There are things that come and go and there are things that lasts long it can be anything money,fame,relationship or even friendship. I try my best to convince myself that I’m a good person when it comes to keeping friendship cuz I don’t really have so many friends at once it’s either one friend or two and it’s okay for me. There’s this guy I met on my second day on campus and he’s in my department so he put me through some of the things I need to know and we became close, on a normal day I don’t smile with anyone or relate with people in my department but the fact that this guy is famous in our department and so many people know him for his intelligence so people started knowing me and gradually his friends are becoming my friends and I started relating more with people and I gradually become the most popular girl in my department. This guy is just a normal friend to me and I never saw him from a different perspective so in my head we’re good friends because I leave for my hostel early immediately after class this guy started leaving early too and I didn’t realize that he has drifted away from his friends and started focusing on me he even ignores his friends whenever we’re together but I felt it was normal and you know he carries my bag for me, buys things and even does some extras but I feel he was doing this because we’re friends even course mates gossip that we’re in a relationship but I never take it seriously.

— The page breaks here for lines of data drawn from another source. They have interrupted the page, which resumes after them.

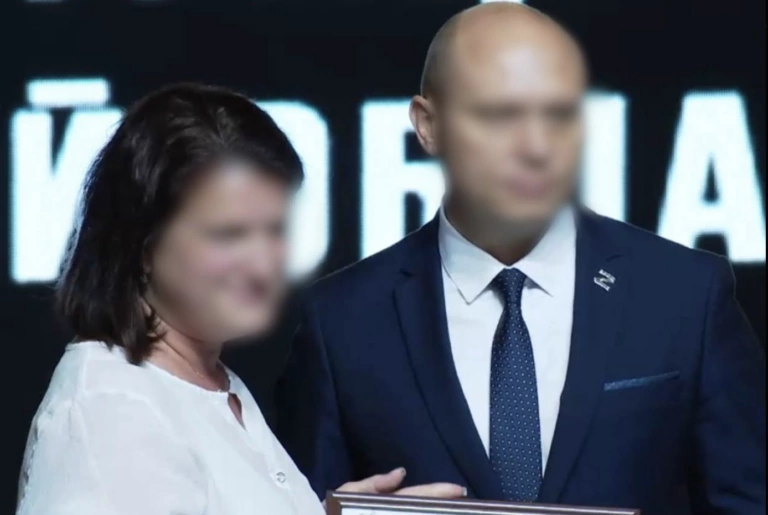 Обійняли керівні посади під час окупації: подружжю з Козачої Лопані оголосили підозру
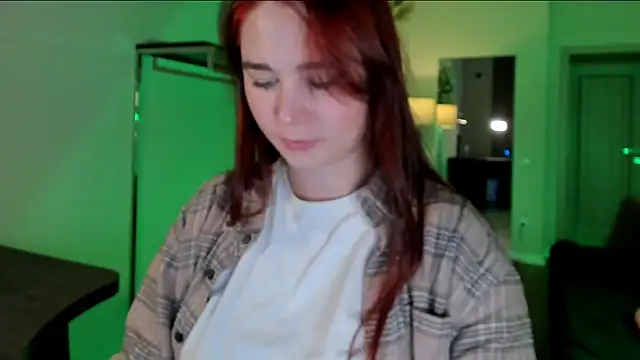 Snapshot of Meri_Cutte chatting on November 19, 1:44 pm Meri Cutte online show from November 19, 1:44 pm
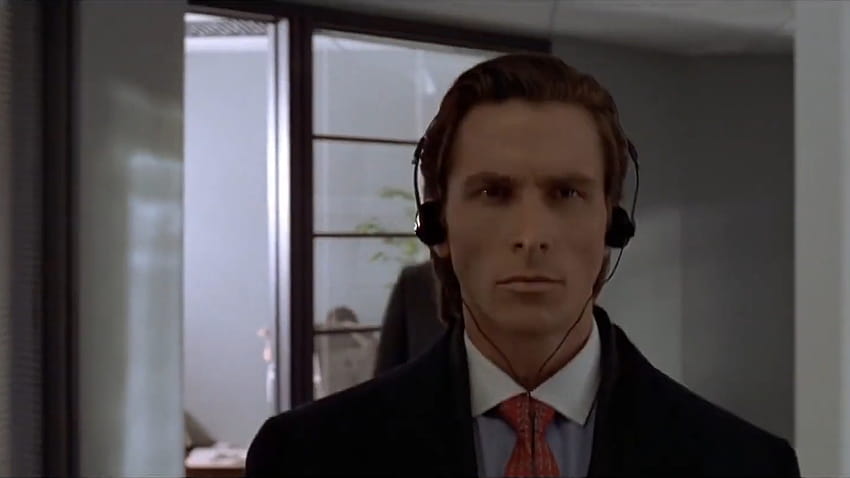 Patrick Bateman en auriculares fondo de pantalla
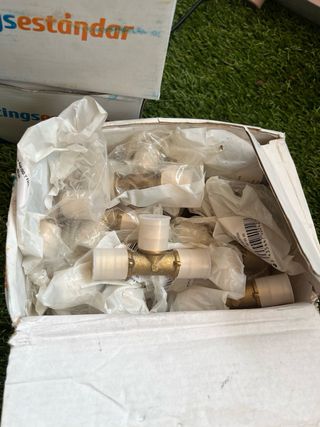 Caja fontanería TE 16-1/2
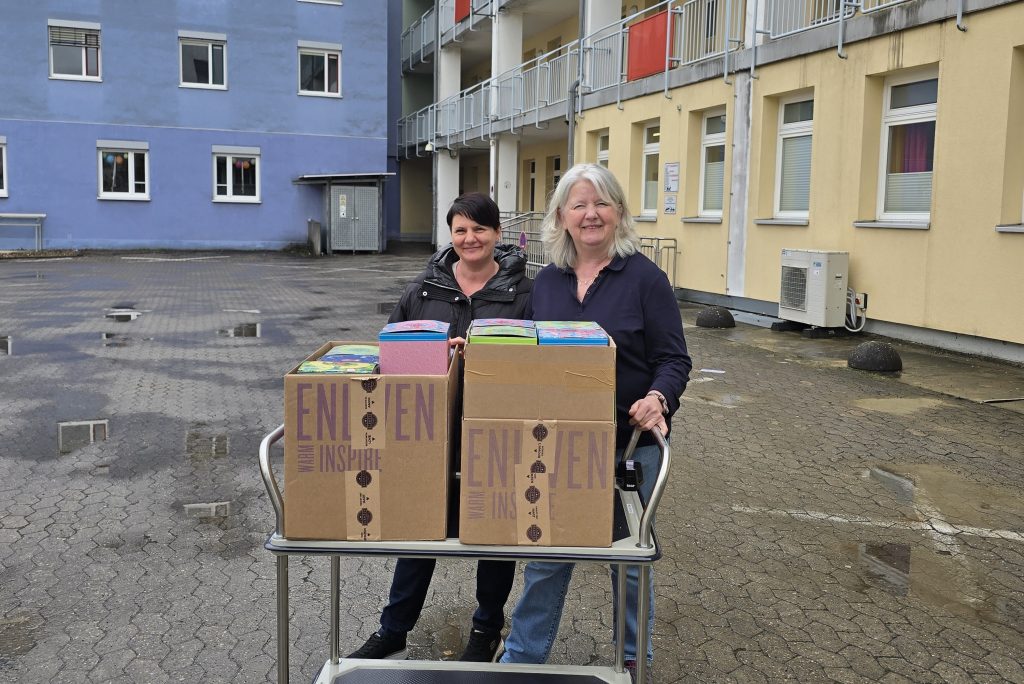 Bianca Treuheit und Marion Müller bei der Spendenübergabe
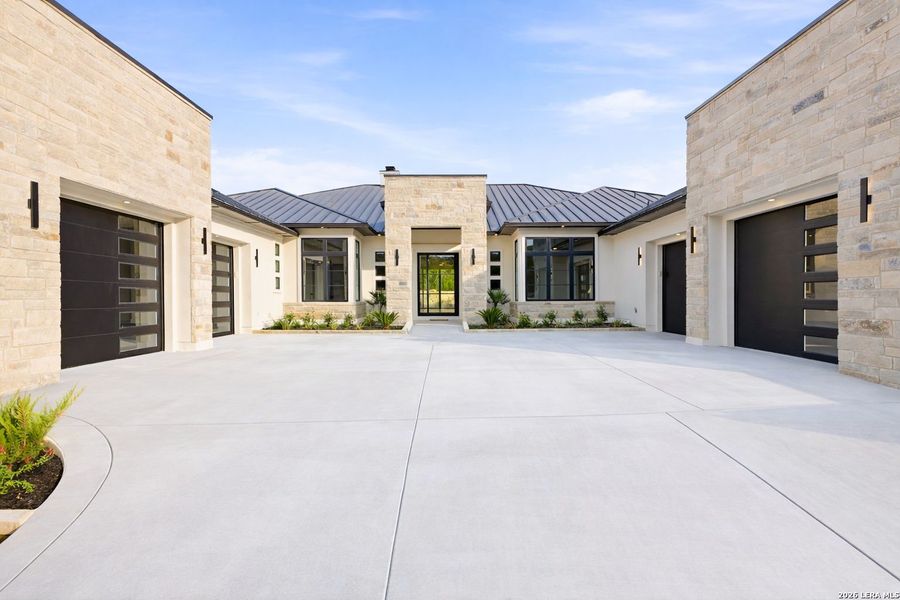 Exterior details and patio area of a home in , San Antonio (Image 3).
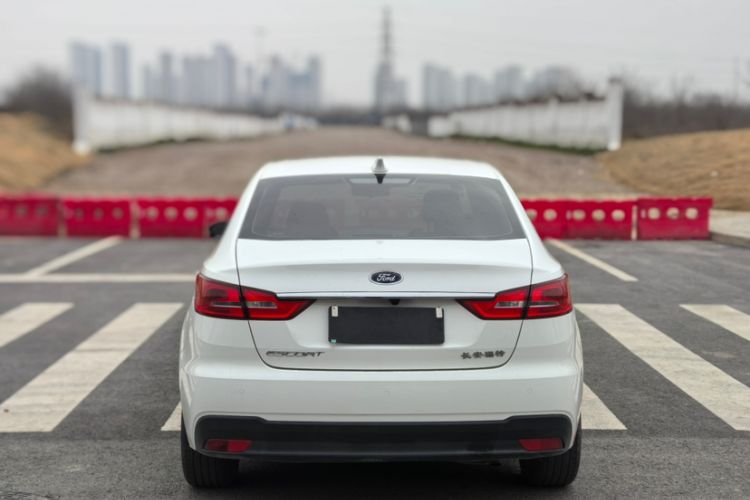 Used Ford Escort 2019 Revised Version 1.5L Automatic Enjoyment Type China VI Standard
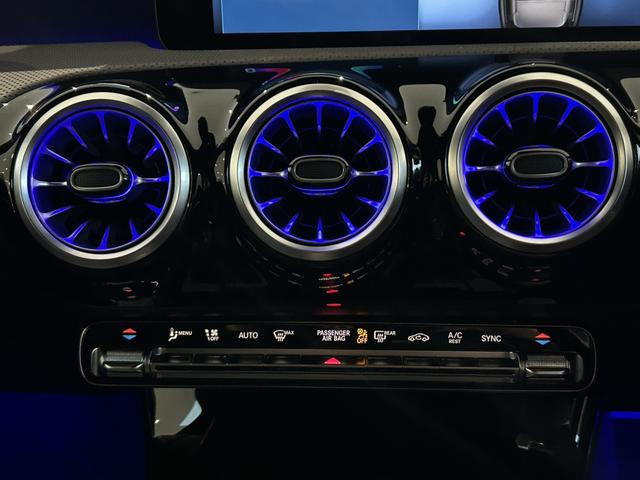 ＣＬＡクラス シューティングブレーク ＣＬＡ２００ｄ　シューティングブレークＡＭＧラインＰ　ＡＭＧライン　メモリー付きパワーシート　シートヒーター　３６０°カメラ　アンビエントライト　フットトランクオープナー　１０．２５インチメディアディスプレイ　１９ＡＷ　メルセデスケア継承（19枚目）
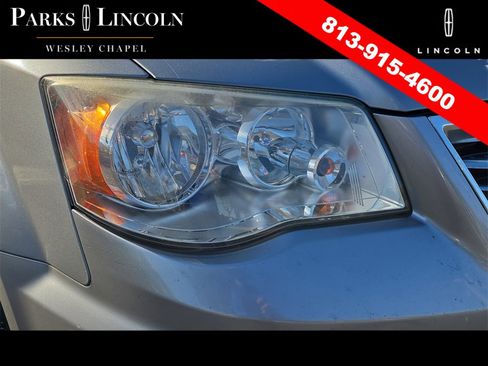 Used 2013 Chrysler Town & Country Touring image 6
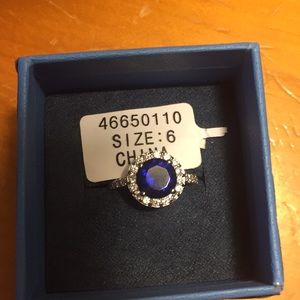 Simulated sapphire and CZ ring -size 6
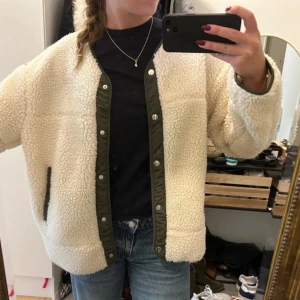 Teddy jacka  - Så fin Teddy jacka från boohoo! 💕💕💕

This particular day came we had test and I didn’t really understand the question so I asked someone to explain after explaining I already knew what to write so when I finished I waited for a few people to submit theirs before submitting. After the test my friend and I had an argument and I just left the class and came back after two hours, this guy did a seventeen minutes voice note apologizing for what he did but deep down I know I was the cause of the argument but I just accepted his apology then few weeks later he asked me out, I didn’t see it as a big deal to go out with my friend but something came up so I couldn’t go then he later asked me to be his girlfriend, for my friend to be interested in me I was shocked cuz I always tell him things that I hate about guys and I didn’t understand why, for the fact that I’ve never seen him as a man cuz he was literally my closest friend was really shocking. I didn’t prolong things I gave him my answer on the spot and he wasn’t surprised cuz why would I date a friend at this point of my life so I told him no.
Anyone hearing this story would be like is he not good looking and stuff, yea he’s not , to me cuz right now there’s a chasm between us that can’t be fixed and I don’t ever want it fixed.